Co-working meets all criteria for independent professional activity:

  • Members are entirely self-employed.

  • They bring their own clients, pricing, branding, and business identity.

  • The space provides infrastructure only, not business integration.

  • Payments go directly from client to Member.

  • The co-working owner does not control revenue.

  • Members do not owe income percentages.

  • MWST is calculated only on the co-working fees, not on Member turnover.

This is why co-working survives every audit — in every industry.

And this is why a hairdresser or tattoo artist inside a properly structured co-working space should be recognised in the same way as a consultant at Impact Hub or a designer at Westhive.

The Key Distinction: Renting a Space vs Accessing a Shared Workspace

The simplest way to understand the difference:

Chair Rental = fixed, exclusive physical space + tenancy characteristics.
Co-Working = shared workspace access without exclusivity + membership structure.

Authorities focus on structure and behaviour, not scissors and hairdryers.

If you operate like a co-working space, you are treated like one.

If you operate like a mini-salon with sub-renters, you get treated like a traditional salon — with all the tax and social security implications that come with it.

Co-Working Solves Every Compliance Risk Chair Rental Creates

True co-working has:

  • membership instead of a rental contract

  • non-exclusive stations instead of fixed chairs

  • independent invoicing and branding

  • no turnover sharing

  • no commissions

  • no employer behaviour

  • clear separation between Member and Space Owner

  • compliant payment flows

This is why co-working is growing rapidly in Switzerland — not just in offices, but in beauty, hair, tattoo, massage, and wellness.

Conclusion: Chair Rental May Be a Legal Trap, but Co-Working Is a Proven, Accepted Structure

Every day in Zürich:

  • designers earn money at Impact Hub,

  • coaches earn money at Citizen Space,

  • programmers earn money at Westhive,

  • lawyers earn money at Trust Square,

and not a single one of them owes MWST or revenue-based fees to the co-working owner.

They use the space — they do not share their business.

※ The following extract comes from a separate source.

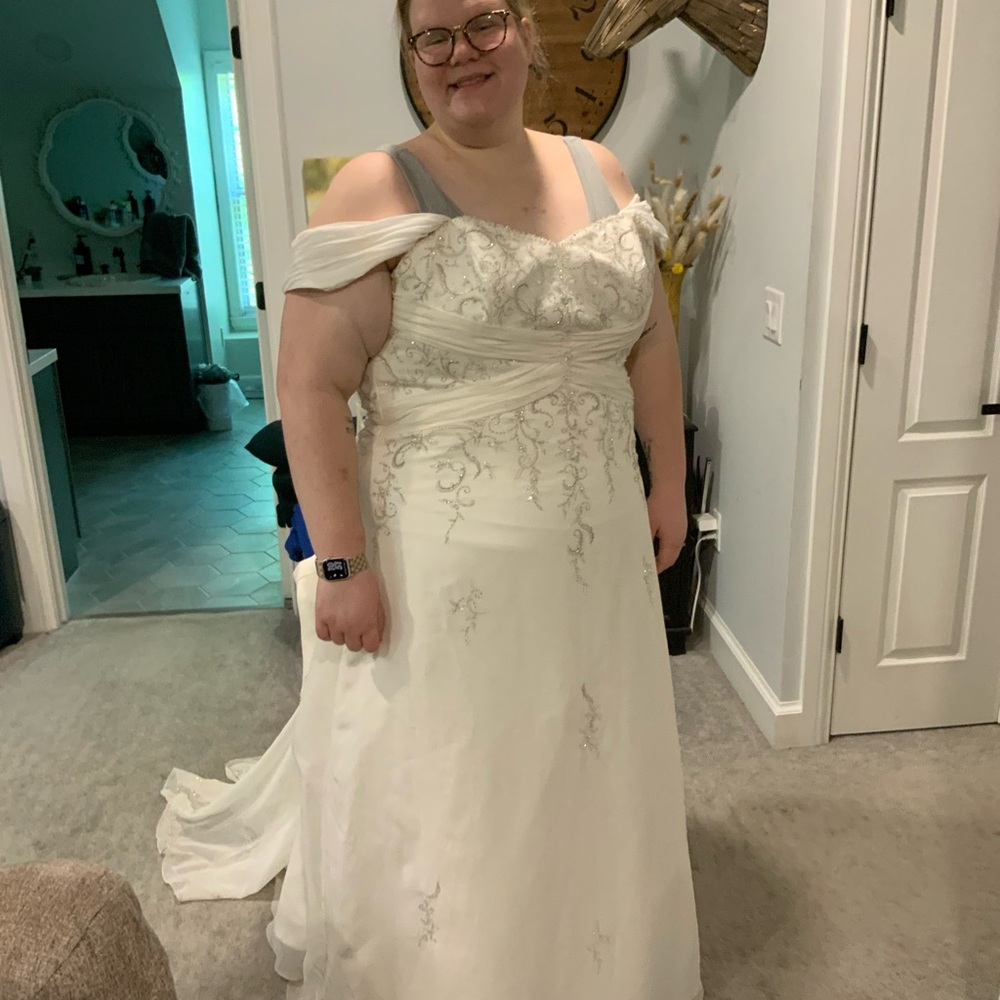 David's Bridal Off-Shoulder White Wedding Dress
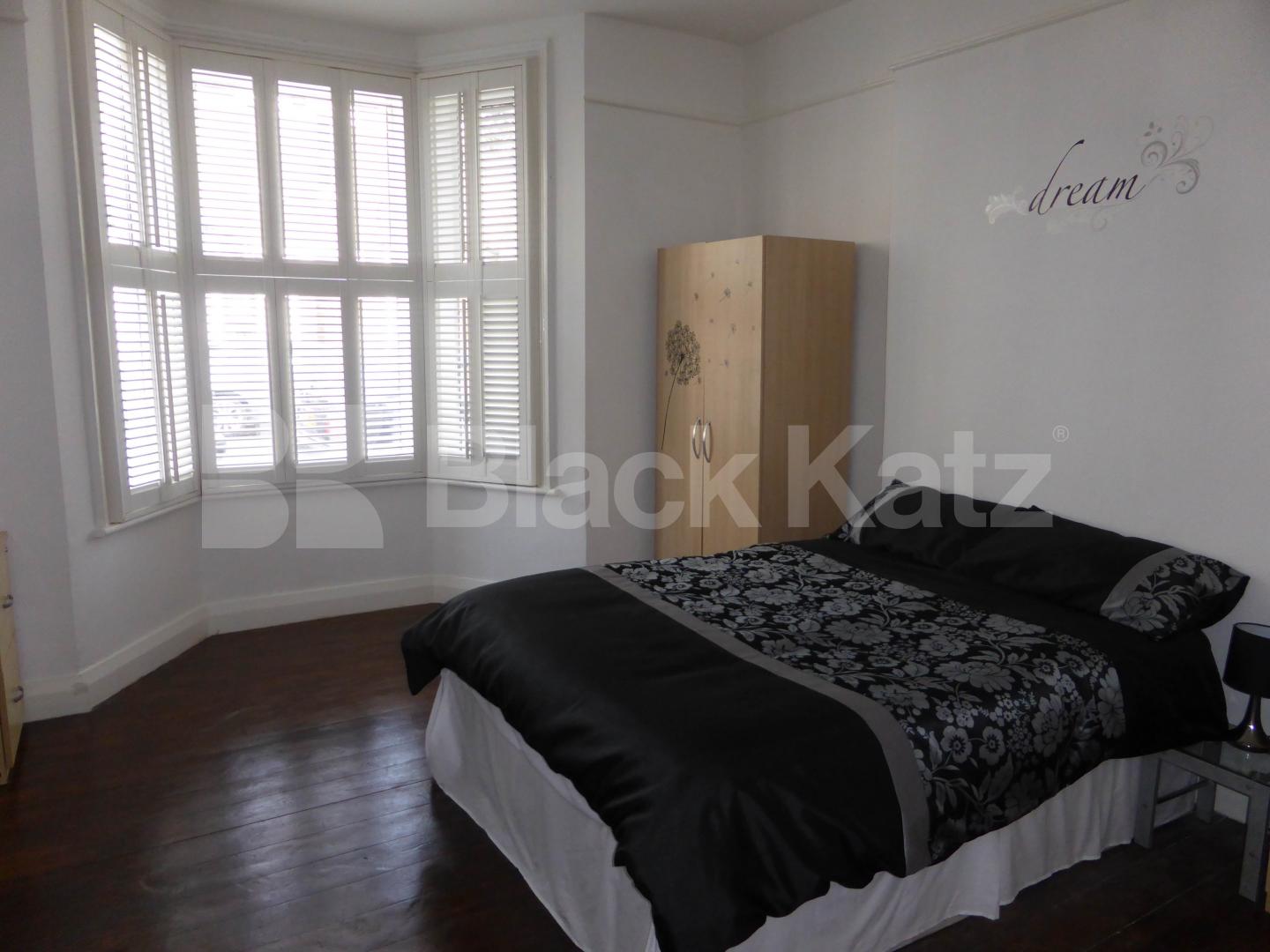 			UNDER OFFER, 2 Bedroom, 1 bath, 1 reception Apartment			 Morrish Road, Brixton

Hairdressers, beauty providers, nail artists, and tattoo professionals deserve the same clarity and the same working model.

Co-working is not a loophole.
It is not a workaround.
It is the legally recognised, structurally correct model for independent professionals sharing a workplace in Switzerland.

This series will guide you through each step of how to understand, design, and verify a fully compliant co-working structure — whether you’re a stylist, a space owner, or someone assessing these models on behalf of the state.